I probably can’t speak for soap operas in the past, but from my limited experience watching ATWT, I’m having a little trouble seeing “progressiveness” of the soap opera. Sure, the Noah and Luke story line is controversial, but progressive does not equal controversial. If I watched soap operas for the sake of “progressiveness” I would be extremely disappointed. And controversial? Anyone can do controversial. Take a look at SVU that comes on 24 hours a day on USA. Every episode has a rape and every episode has details that would make anyone’s skin crawl. Take a look at every single crime drama. I cannot even think of one that hasn’t used a terrorist story line. Maybe it’s taking a lot more to be truly controversial in media today… and by controversial I mean disgusting. I guess it takes planting fake bomb packages all over Boston or filming Two Girls One Cup to get buzz. But I digress.
So what exactly do we learn from soap operas that we cannot possibly learn from anything else. As we mentioned before, from watching ATWT, no character is perfect. There isn’t a character in the show that is truly morally unquestionable or a character that is always the “good guy.” There are certainly no Chuck Norrises or Jack Bauers in ATWT. There are shows out there that have these morally straight and narrow characters, who always do the right thing in the most complicated and desperate of situations or family sitcoms where families endure and go through difficulties together… and I’m almost certain more morally upright lessons can be learned from those than soap operas.
Furthermore, if soap operas truly are addictive and there is a stigma that exists, then why do we put so much weight in what these writers say? Wouldn’t it be similar to asking a drug addict to try and rationalize his addiction? Maybe for soap opera fanatics that really and truly immerse themselves in the soap opera culture and fandom, they feel a need to justify why they are so into soap operas beyond the fact that they’re fun to watch.

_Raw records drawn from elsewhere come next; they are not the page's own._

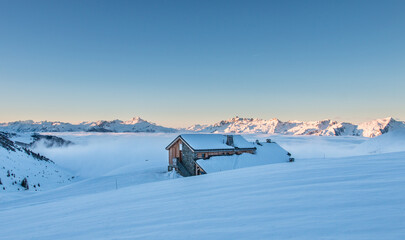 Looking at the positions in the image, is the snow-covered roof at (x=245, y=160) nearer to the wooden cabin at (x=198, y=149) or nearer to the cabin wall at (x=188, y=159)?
the wooden cabin at (x=198, y=149)

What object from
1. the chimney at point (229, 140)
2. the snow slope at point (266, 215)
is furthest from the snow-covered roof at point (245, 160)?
the snow slope at point (266, 215)

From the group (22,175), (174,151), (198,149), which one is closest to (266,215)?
(198,149)

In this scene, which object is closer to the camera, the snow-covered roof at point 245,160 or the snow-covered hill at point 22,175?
the snow-covered hill at point 22,175

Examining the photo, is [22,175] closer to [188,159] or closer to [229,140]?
[188,159]

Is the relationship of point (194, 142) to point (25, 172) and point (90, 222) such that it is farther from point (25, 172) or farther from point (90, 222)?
point (90, 222)

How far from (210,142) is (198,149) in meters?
2.71

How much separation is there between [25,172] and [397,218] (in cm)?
3073

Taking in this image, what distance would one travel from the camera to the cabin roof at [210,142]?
2474 centimetres

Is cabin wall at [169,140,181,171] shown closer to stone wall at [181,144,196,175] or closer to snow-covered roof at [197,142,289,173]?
stone wall at [181,144,196,175]

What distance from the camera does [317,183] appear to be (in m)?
4.01

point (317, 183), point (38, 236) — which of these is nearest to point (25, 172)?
point (38, 236)

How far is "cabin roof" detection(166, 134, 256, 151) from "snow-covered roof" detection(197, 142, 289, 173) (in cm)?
147

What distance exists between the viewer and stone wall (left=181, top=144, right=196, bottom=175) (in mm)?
24656

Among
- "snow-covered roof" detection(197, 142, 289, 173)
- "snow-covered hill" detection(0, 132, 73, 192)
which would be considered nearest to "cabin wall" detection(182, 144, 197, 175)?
"snow-covered roof" detection(197, 142, 289, 173) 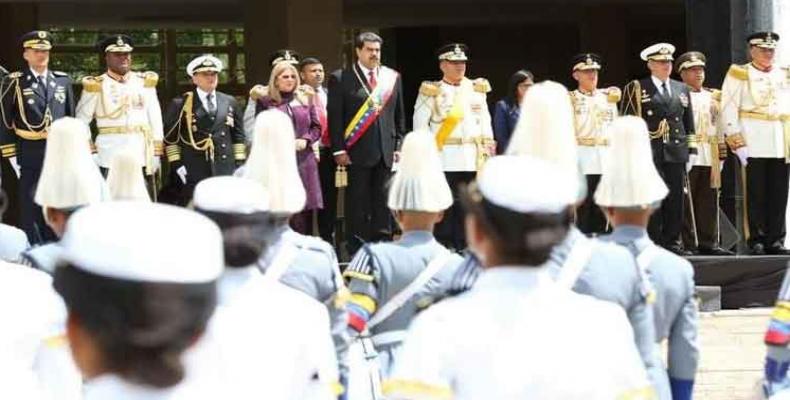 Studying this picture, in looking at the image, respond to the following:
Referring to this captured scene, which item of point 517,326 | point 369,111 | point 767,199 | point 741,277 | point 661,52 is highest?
point 661,52

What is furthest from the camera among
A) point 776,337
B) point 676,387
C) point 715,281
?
point 715,281

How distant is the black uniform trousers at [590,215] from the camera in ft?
39.0

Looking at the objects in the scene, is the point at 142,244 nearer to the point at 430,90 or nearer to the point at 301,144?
the point at 301,144

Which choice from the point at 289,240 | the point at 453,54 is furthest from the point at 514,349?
the point at 453,54

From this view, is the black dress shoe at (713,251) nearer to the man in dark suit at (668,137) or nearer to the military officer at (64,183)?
the man in dark suit at (668,137)

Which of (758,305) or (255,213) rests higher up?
(255,213)

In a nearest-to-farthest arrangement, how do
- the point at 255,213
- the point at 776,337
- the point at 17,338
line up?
Result: the point at 17,338 < the point at 255,213 < the point at 776,337

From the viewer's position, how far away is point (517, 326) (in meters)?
2.77

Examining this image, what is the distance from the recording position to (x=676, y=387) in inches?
197

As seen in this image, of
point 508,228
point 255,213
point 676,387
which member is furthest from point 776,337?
point 508,228

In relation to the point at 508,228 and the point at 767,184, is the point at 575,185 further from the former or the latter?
the point at 767,184

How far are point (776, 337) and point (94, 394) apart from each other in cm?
252

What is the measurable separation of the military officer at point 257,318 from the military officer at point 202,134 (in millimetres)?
7822

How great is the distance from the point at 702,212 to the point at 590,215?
2.84 ft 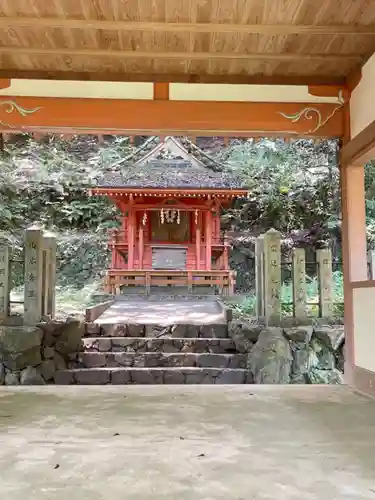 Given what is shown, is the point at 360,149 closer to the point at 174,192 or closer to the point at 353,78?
the point at 353,78

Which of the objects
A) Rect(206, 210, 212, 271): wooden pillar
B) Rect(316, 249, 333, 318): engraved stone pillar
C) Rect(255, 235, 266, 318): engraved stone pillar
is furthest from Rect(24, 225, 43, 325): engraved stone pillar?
Rect(206, 210, 212, 271): wooden pillar

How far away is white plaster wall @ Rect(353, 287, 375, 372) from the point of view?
3.88 m

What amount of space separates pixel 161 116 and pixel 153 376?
3.89 meters

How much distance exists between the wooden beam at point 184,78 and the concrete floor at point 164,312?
4536 millimetres

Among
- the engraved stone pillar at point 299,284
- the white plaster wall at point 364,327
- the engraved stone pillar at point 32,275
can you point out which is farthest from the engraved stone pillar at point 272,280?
the engraved stone pillar at point 32,275

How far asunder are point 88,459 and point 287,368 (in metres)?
4.99

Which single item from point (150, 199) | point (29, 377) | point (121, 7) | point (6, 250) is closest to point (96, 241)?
point (150, 199)

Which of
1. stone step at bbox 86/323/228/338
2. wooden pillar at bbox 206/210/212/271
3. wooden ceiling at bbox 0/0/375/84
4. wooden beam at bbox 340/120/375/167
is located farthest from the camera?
wooden pillar at bbox 206/210/212/271

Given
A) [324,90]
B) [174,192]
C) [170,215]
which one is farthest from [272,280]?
[170,215]

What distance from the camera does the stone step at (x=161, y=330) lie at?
7.78 metres

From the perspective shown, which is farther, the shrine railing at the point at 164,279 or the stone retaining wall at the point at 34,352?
the shrine railing at the point at 164,279

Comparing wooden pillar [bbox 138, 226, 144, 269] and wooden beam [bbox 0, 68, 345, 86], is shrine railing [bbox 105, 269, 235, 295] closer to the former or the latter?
wooden pillar [bbox 138, 226, 144, 269]

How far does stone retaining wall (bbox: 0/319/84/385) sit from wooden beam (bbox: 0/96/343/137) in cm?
Result: 336

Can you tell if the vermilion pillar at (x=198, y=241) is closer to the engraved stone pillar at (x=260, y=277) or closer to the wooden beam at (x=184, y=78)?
the engraved stone pillar at (x=260, y=277) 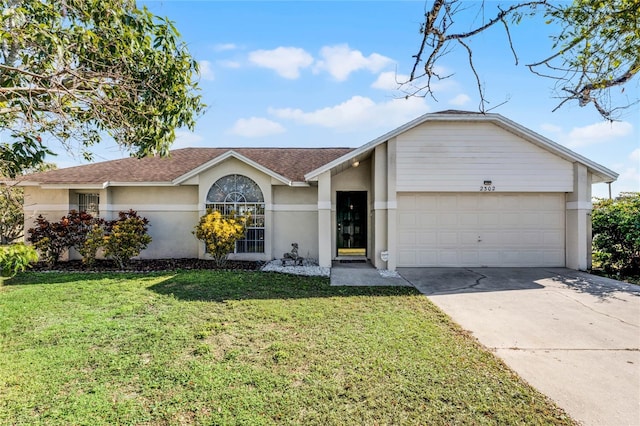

For the soap opera fans that define themselves solely by the soap operas they watch or the characters they love, it is only natural for them to try and find deeper meanings in soap operas.
I’m not saying that there is not deeper and complex themes in soap operas; I’m just suggesting that the fact that most of the authors are so focused in legitimatizing soap operas or trying to explain soap fans they disregard the most obvious fact. Soaps are REALLY fun to watch. They satisfy your voyeuristic desires; they make you laugh; they make you cry. And no matter how many people try to spin it, people watch soaps because it’s entertaining… not because there are valuable lessons to be learned and not because of strong family ties or because of the progressive nature of soaps.
I personally believe that the books I read and the television shows that I watch are a very limited aspect of who I am. I would be hard-pressed if I had to explain my choice in television shows. I enjoy watching roadrunner cartoons before I go to bed… I don’t think that is has anything to do with the fact that there are deep moral issues that are addressed… even if you could potentially say that you’re being taught not to eat others or else you’ll fall down a cliff. I wouldn’t want for others to think that I have some vendetta against coyotes either. I realize that there is a soap opera stigma out there. I realize that most people aren’t shy about expressing their opinions about them either… but do we REALLY have to try so hard legitimize soap operas and do we really have to have all of these reasons to find soap operas enjoyable? At what point are we overcompensating and at what point do we just say, “I don’t believe I have to legitimize or rationalize my personal preference to you.”